Skuld Malware

A new information-collecting malware called Skuld, written in the Go programming language, has successfully compromised Windows systems in Europe, Southeast Asia and the U.S.

Skuld is specifically designed to pilfer sensitive information from its victims. To accomplish this, it employs various techniques, including searching for data within applications like Discord and Web browsers, as well as extracting information from the system itself and files stored in the victim's folders.

Interestingly, Skuld exhibits similarities to other publicly available information collectors, such as the Creal Stealer, the Luna Grabber and the BlackCap Grabber. These overlapping characteristics suggest potential connections or shared code among these malware strains. Skuld is believed to be the creation of a developer who operates under the online pseudonym Deathined.

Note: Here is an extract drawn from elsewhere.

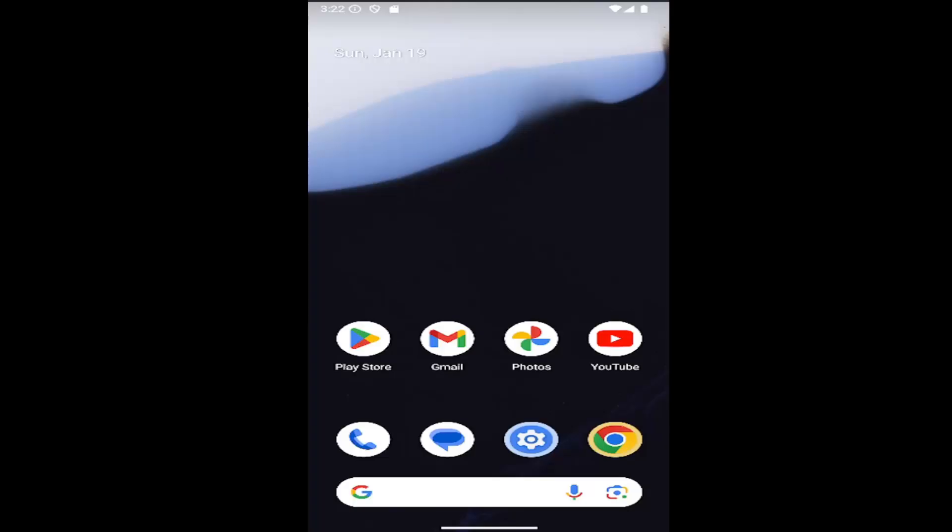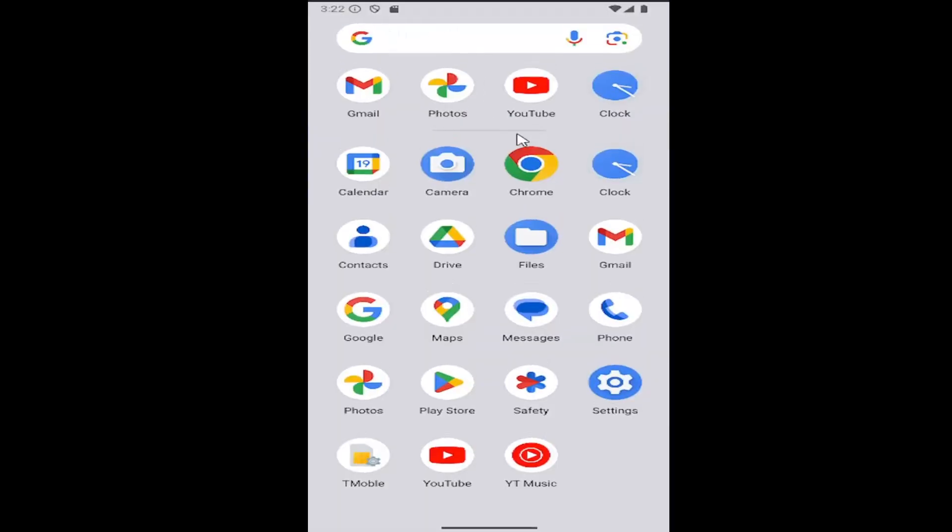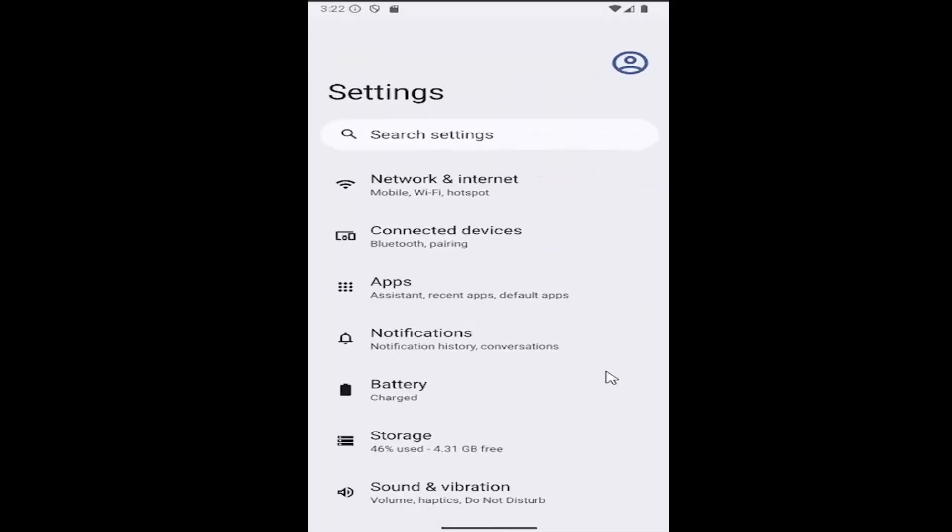So this should hopefully be a pretty straightforward process here. And without further ado, let's go ahead and jump right into it. All you have to do is slide up on your home screen and select the setting gear button.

The Skuld Malware Can Terminate Predetermined Processes on the Breached System

Upon execution, the Skuld malware employs several evasion techniques to impede analysis, including checking if it is running within a virtual environment. This is done to hinder researchers' efforts to understand its behavior and functionality. Additionally, Skuld extracts a list of currently running processes on the infected system and compares it against a predefined blocklist. If any process matches those present in the blocklist, instead of terminating itself, Skuld proceeds to terminate the matched process, potentially aiming to neutralize security measures or hinder detection.

In addition to gathering system metadata, Skuld possesses the capability to harvest valuable information, such as cookies and credentials stored in Web browsers. It also targets specific files located in the Windows user profile folders, including Desktop, Documents, Downloads, Pictures, Music, Videos and OneDrive. By targeting these folders, Skuld aims to access and potentially exfiltrate sensitive user data, including personal files and fundamental documents.

Analysis of the malware's artifacts has revealed its deliberate intention to corrupt legitimate files associated with Better Discord and Discord Token Protector. This threatening activity suggests an attempt to disrupt the functioning of legitimate software used by Discord users. Furthermore, Skuld employs a technique similar to another infostealer based on the Rust programming language, where it injects JavaScript code into the Discord application to extract backup codes. This technique underscores the sophisticated nature of Skuld's information-gathering capabilities and its intention to compromise user accounts and access additional confidential information.

The Skuld Malware may Execute Additional Threatening Activities

Certain samples of the Skuld malware have demonstrated the inclusion of a clipper module, which is designed to manipulate the contents of the clipboard. This module allows Skuld to engage in cryptocurrency theft by replacing cryptocurrency wallet addresses with those controlled by the attackers. It is possible that the clipper module is likely still under development, indicating potential future enhancements to Skuld's capabilities in stealing cryptocurrency assets.

The exfiltration of the collected data is achieved through two primary methods. Firstly, the malware leverages an actor-controlled Discord webhook, enabling the attackers to transmit the pilfered information to their infrastructure. Alternatively, Skuld utilizes the Gofile upload service, uploading the collected data as a ZIP file. In this case, a reference URL to access the uploaded ZIP file containing the exfiltrated data is sent to the attacker using the same Discord webhook functionality.

The presence of Skuld and its evolving features showcases a growing trend among threat actors to utilize the Go programming language. Go's simplicity, efficiency, and cross-platform compatibility have made it an attractive choice for attackers. By leveraging Go, threat actors can target multiple operating systems and expand their potential victim pool, highlighting the need for robust security measures across various platforms.